However, Defendants also argue that they are entitled to qualified immunity. The defense of qualified immunity protects "government officials . . . from liability for civil damages insofar as their conduct does not violate clearly established statutory or constitutional rights of which a reasonable person would have known." Harlow v. Fitzgerald, 457 U.S. 800, 818 (1982). A court considering a claim of qualified immunity must determine: (1) whether the plaintiff has alleged the deprivation of an actual constitutional right, and (2) whether such right was clearly established such that it would be clear to a reasonable officer that his conduct was unlawful in the situation he confronted. See Pearson v. Callahan, 129 S. Ct. 808, 818 (2009).

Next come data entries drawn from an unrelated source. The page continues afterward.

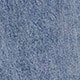 Medium Wash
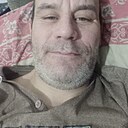 Рашид, 45 лет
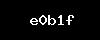 https://jobr2.com/wp-content/themes/noo-jobmonster/framework/functions/noo-captcha.php?code=e0b1f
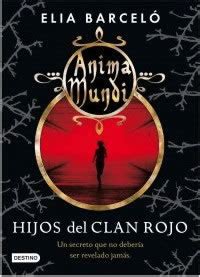 Hijos De Atlantis De Elia Barcel Libros De Rom Ntica Blog De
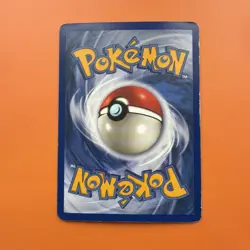 Pokemon TCG Venusaur Base Set 15/102 Holo Unlimited Holo Rare - HP - Image 3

The Court may exercise its discretion in deciding which prong to address first, in light of the particular circumstances of each case. Id.

The qualified immunity inquiry is separate from the constitutional inquiry for a claim of deliberate indifference under the Eight Amendment. Estate of Ford v. Caden, 301 F.3d 1043, 1053 (9th Cir. 2002). For a qualified immunity analysis, the Court need not determine whether the facts alleged show that defendants acted with deliberate indifference. See Osolinski v. Kane, 92 F.3d 934, 936 (9th Cir. 1996). Rather, the focus of review is the objective requirement. Id. at 937. The Court need only review the relevant law to determine whether, in light of clearly established principles at the time of the incident, the officials could have reasonably believed their conduct was lawful. See id. at 939. Thus, the Court must determine whether it was clearly established that a prison official who knew about a toilet leak for almost three weeks before it was serviced created a sufficiently serious deprivation of a human need in violation of the Eighth Amendment. See id. at 937.

A court determining whether a right was clearly established looks to "Supreme Court and Ninth Circuit law existing at the time of the alleged act." Community House, Inc. v. Bieter, 623 F.3d 945, 967 (9th Cir. 2010) (citing Osolinski, 92 F.3d at 936). In the absence of binding precedent, the Court may look to all available decisional law, including the law of other circuits and district courts. See id. Unpublished district court decisions may also "inform" the Court's analysis. Bahrampour v. Lampert, 356 F.3d 969, 77 (9th Cir. 2004).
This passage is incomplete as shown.